TASK TO COMPLETE: Two lines in the listing below mark the span: one contains "1BMA2 GRAPH.DECOR OPT.B DECO.SURF.VOLUM 8" and one contains "2DPROA CONSEIL VENTE 34". Reproduce both of them and everything between, exactly.

SOURCE DATA:
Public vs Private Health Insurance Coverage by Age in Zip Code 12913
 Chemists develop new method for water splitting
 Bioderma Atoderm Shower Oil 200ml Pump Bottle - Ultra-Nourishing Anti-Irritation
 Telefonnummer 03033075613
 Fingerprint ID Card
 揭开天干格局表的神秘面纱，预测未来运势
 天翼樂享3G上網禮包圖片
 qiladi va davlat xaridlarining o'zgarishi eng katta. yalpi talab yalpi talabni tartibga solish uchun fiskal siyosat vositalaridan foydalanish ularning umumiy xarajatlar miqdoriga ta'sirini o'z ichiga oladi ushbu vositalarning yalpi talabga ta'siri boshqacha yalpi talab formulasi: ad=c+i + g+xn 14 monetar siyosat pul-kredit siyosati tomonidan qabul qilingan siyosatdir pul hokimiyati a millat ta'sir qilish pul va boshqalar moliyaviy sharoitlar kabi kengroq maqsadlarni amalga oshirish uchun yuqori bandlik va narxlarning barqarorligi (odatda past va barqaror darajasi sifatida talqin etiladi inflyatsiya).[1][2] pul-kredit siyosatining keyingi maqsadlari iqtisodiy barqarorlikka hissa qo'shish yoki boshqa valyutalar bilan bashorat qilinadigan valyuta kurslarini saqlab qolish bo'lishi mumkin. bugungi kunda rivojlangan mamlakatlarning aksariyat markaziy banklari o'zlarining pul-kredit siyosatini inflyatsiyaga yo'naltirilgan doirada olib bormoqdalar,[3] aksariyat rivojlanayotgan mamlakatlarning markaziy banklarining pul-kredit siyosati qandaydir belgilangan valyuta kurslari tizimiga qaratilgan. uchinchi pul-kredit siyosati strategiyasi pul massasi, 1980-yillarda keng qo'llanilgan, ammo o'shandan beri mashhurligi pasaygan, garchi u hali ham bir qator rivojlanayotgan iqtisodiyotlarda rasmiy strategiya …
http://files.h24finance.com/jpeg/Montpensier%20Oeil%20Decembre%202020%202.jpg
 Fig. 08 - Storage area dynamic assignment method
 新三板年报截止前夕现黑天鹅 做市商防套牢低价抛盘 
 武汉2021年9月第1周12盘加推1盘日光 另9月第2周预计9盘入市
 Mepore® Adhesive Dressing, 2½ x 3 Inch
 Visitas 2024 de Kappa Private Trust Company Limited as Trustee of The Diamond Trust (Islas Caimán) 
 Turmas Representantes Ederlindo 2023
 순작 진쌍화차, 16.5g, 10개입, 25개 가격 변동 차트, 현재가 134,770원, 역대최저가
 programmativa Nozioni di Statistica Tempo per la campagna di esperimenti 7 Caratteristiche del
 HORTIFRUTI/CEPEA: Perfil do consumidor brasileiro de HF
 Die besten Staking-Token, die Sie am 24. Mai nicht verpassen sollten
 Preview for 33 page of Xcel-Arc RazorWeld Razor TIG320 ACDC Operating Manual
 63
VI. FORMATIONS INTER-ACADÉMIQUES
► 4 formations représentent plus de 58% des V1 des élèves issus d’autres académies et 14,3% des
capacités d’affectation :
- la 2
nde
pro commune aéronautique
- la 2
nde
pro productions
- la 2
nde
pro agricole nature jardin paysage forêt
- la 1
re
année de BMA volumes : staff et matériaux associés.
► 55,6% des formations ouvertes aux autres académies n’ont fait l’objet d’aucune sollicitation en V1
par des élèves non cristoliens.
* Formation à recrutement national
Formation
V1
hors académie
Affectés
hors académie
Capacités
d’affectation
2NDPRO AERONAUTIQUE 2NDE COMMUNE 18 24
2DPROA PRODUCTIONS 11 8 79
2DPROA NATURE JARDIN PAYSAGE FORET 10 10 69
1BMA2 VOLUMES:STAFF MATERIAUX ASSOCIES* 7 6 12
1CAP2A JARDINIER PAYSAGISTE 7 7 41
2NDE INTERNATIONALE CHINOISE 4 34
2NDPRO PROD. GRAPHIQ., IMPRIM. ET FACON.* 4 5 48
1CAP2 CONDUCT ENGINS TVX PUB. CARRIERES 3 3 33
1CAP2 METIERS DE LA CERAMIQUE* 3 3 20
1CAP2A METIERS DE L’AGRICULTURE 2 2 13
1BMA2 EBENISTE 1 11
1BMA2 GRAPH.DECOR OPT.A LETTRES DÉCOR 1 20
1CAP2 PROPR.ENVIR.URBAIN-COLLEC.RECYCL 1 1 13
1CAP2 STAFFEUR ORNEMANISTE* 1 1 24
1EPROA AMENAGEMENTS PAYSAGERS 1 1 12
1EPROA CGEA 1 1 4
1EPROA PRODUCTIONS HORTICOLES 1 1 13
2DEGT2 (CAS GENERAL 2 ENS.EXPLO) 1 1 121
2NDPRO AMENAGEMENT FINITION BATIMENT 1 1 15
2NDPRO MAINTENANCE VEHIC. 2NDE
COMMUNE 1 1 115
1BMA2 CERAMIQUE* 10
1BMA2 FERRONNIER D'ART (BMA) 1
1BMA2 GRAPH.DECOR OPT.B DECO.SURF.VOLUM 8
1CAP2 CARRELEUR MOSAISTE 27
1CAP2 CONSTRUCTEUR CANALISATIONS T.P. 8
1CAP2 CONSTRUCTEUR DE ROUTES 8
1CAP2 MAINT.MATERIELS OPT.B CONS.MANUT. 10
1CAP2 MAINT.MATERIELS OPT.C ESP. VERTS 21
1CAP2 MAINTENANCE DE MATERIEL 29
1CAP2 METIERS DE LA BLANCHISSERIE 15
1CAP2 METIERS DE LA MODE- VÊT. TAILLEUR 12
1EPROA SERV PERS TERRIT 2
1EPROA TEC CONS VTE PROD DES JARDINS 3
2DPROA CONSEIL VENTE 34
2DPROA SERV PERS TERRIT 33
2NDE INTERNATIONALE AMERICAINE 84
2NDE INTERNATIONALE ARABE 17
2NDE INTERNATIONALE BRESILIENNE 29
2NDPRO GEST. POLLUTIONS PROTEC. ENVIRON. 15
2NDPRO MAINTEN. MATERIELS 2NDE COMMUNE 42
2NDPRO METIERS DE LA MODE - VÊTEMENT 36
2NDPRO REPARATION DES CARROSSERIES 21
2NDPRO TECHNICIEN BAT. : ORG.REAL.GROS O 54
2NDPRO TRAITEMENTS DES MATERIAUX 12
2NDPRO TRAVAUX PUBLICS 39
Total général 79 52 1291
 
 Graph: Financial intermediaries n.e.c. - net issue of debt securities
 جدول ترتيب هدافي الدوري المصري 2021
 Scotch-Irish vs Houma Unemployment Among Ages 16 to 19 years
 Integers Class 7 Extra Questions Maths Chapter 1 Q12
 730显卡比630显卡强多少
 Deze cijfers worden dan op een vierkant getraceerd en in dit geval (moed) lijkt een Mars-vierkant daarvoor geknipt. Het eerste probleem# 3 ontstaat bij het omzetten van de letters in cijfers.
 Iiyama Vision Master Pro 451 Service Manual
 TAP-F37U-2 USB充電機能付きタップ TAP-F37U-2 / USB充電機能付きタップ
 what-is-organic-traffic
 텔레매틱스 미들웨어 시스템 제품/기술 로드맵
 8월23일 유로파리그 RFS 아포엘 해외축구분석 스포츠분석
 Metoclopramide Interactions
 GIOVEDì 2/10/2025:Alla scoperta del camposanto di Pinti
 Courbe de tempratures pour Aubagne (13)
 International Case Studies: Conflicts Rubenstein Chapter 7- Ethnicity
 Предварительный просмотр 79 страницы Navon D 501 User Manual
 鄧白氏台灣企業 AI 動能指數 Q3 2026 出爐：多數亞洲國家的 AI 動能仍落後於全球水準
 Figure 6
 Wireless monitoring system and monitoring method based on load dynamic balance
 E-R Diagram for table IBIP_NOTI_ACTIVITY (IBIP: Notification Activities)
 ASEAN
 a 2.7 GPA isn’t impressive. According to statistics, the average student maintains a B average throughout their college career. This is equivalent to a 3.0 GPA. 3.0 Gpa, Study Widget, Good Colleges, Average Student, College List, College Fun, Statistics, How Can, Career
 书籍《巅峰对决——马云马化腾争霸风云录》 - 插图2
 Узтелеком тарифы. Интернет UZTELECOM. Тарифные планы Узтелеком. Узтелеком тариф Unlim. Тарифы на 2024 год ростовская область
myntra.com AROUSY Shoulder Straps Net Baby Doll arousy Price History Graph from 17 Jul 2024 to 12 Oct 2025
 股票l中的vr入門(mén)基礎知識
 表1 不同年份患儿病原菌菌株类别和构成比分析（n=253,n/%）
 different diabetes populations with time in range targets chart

SOLUTION TO THIS EXERCISE:
1BMA2 GRAPH.DECOR OPT.B DECO.SURF.VOLUM 8
1CAP2 CARRELEUR MOSAISTE 27
1CAP2 CONSTRUCTEUR CANALISATIONS T.P. 8
1CAP2 CONSTRUCTEUR DE ROUTES 8
1CAP2 MAINT.MATERIELS OPT.B CONS.MANUT. 10
1CAP2 MAINT.MATERIELS OPT.C ESP. VERTS 21
1CAP2 MAINTENANCE DE MATERIEL 29
1CAP2 METIERS DE LA BLANCHISSERIE 15
1CAP2 METIERS DE LA MODE- VÊT. TAILLEUR 12
1EPROA SERV PERS TERRIT 2
1EPROA TEC CONS VTE PROD DES JARDINS 3
2DPROA CONSEIL VENTE 34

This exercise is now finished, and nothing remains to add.